Brutality on display as Belgium confronts its heart of darkness


Brutality on display as Belgium confronts its heart of darkness

The reopening of colonial museum may not be enough, as the DRC president demands the repatriation of artefacts

James Crisp

For more than a century, Belgium’s Royal Museum for Central Africa has stood as a monument to some of the worst excesses of colonial plunder.
But Belgium took a step towards confronting its brutal history in the Congo on Saturday when the museum opened to visitors for the first time in five years, after a 10-year “decolonisation” project.
King Leopold II of the Belgians ruled the Congo Free State as an absolute monarch in the late 19th and early 20th centuries, pillaging it of rubber and minerals and overseeing a genocide that killed as many as 15 million people.
Packed to the brim with more than 180,000 looted items, including the beheaded skulls of tribal chiefs, and more than 500 stuffed animals slaughtered by hunters, the museum celebrated the exploits of the Belgians who turned a huge swathe of Africa into a slave state.
The £67m reopening of the palatial 1910 building in the Brussels suburb of Teuveren was supposed to shift the emphasis, with African artists invited to display their work in an effort to modernise and detoxify the museum built by Leopold.
But the reopening risks being overshadowed by a demand from Joseph Kabila, the president of the Democratic Republic of Congo (DRC), for the repatriation of its artefacts. The museum said it would consider the request.
Kabila, whose demand follows Emmanuel Macron’s promise to return colonial-era African artefacts held in France, told the Le Soir newspaper he wanted art and documents for a new museum in the DRC, which is being built with financial help from the government of South Korea.
Guido Gryseels, the museum director, has been on a decade-long quest to move the focus of the museum.
The king’s brutal regime, which inspired Joseph Conrad’s Heart of Darkness, lasted from 1885 to 1908 before, under huge international pressure, the Belgian government took the region out of royal hands.
The Belgian Congo, which includes all of the present day DRC, gained independence in 1960.
“The museum was frozen in time for many years,” Gryseels told The Brussels Times. “When I took over 17 years ago, the permanent exhibition hadn’t changed since the 1950s.

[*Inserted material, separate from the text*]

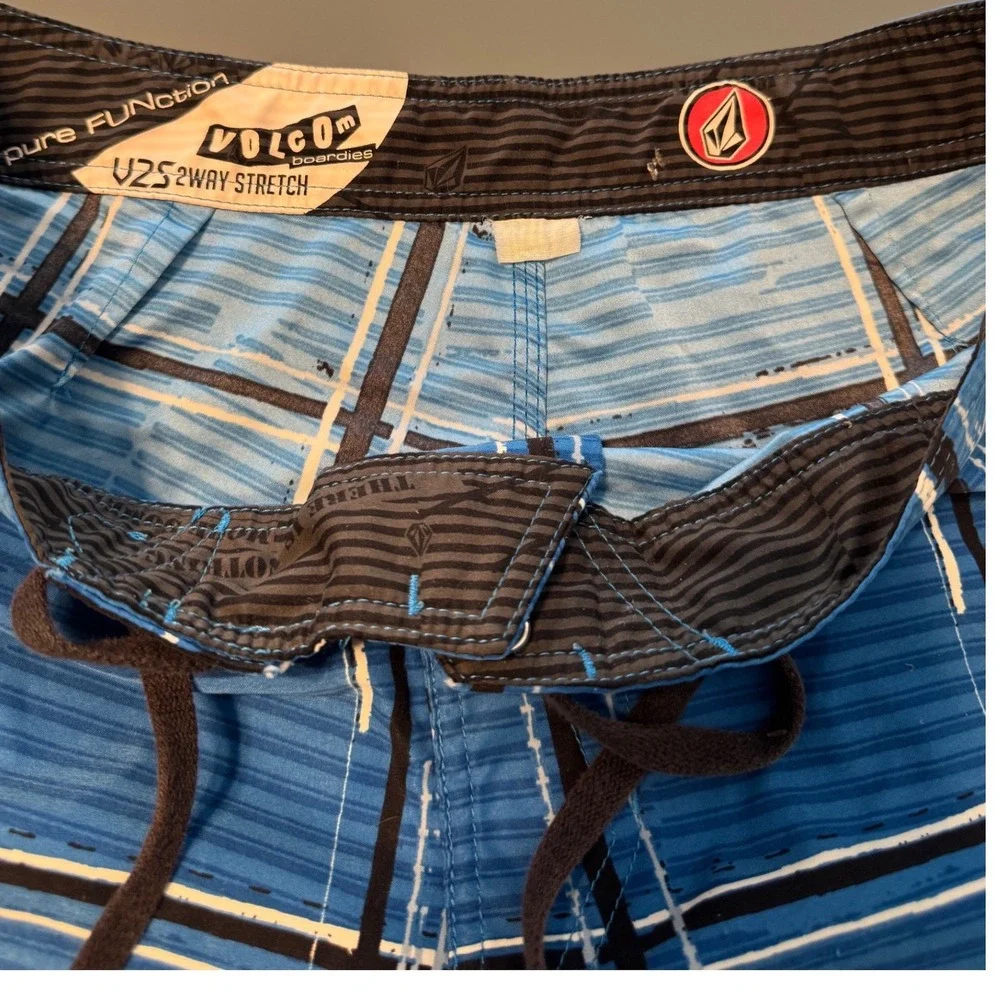 Volcom boardies v2s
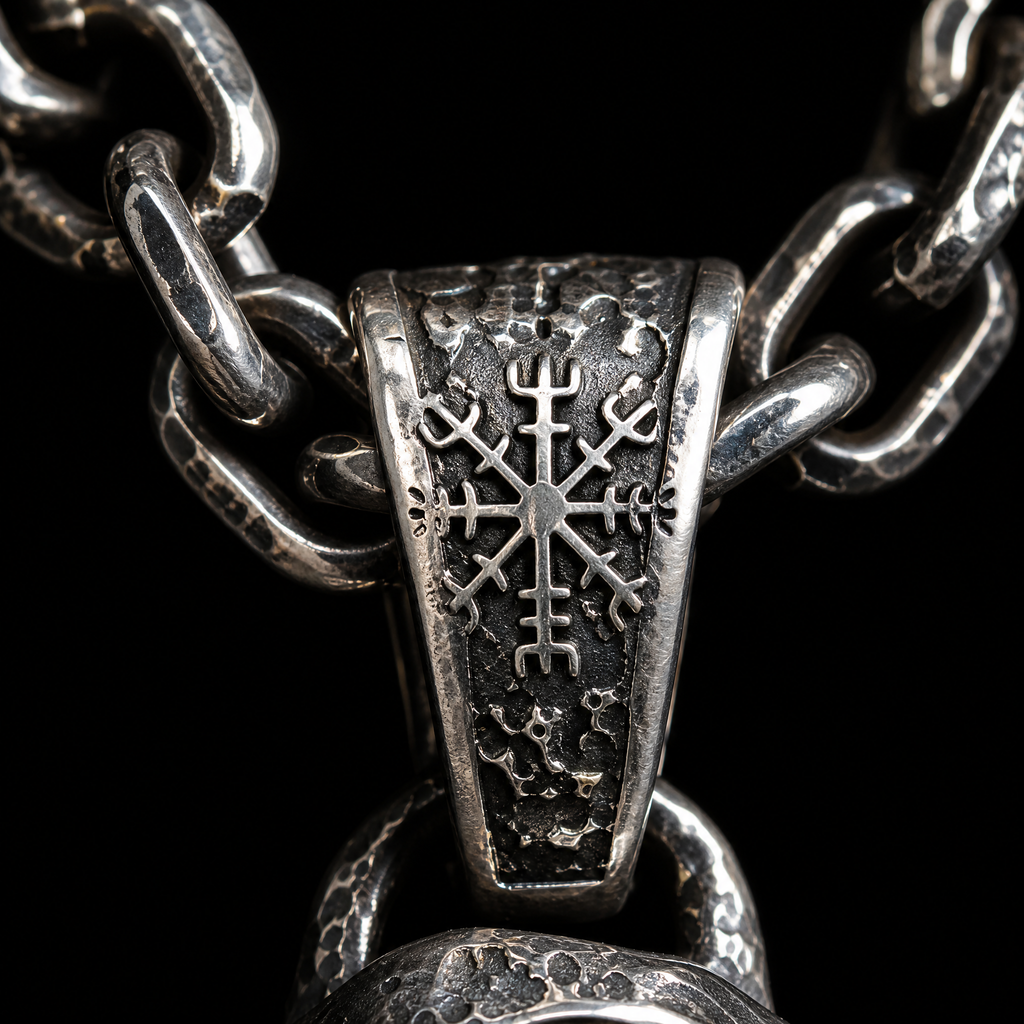 QINEANLA™ Aurora Bound — Labradorite Viking Pendant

That made us the last colonial museum in the world. We were essentially a propaganda institution for the government’s colonial policy.”
In a sign of continued sensitivity over the issue, King Philippe did not attend Saturday’s opening. A palace official said the monarch only attended events where there was “consensus”.
The work of a Congolese artist is given pride of place in the museum as it strives to present a more contemporary view, while offensive statues are displayed in a windowless room.
But it is impossible to totally exorcise the ghost of Leopold, whose monogram dots the walls of the museum.
Among the most popular exhibits in its early days was a “human zoo” of 267 Congolese people. Now, a plaque has finally been erected in memory of seven of them who died from exposure after being forced to wear traditional clothing.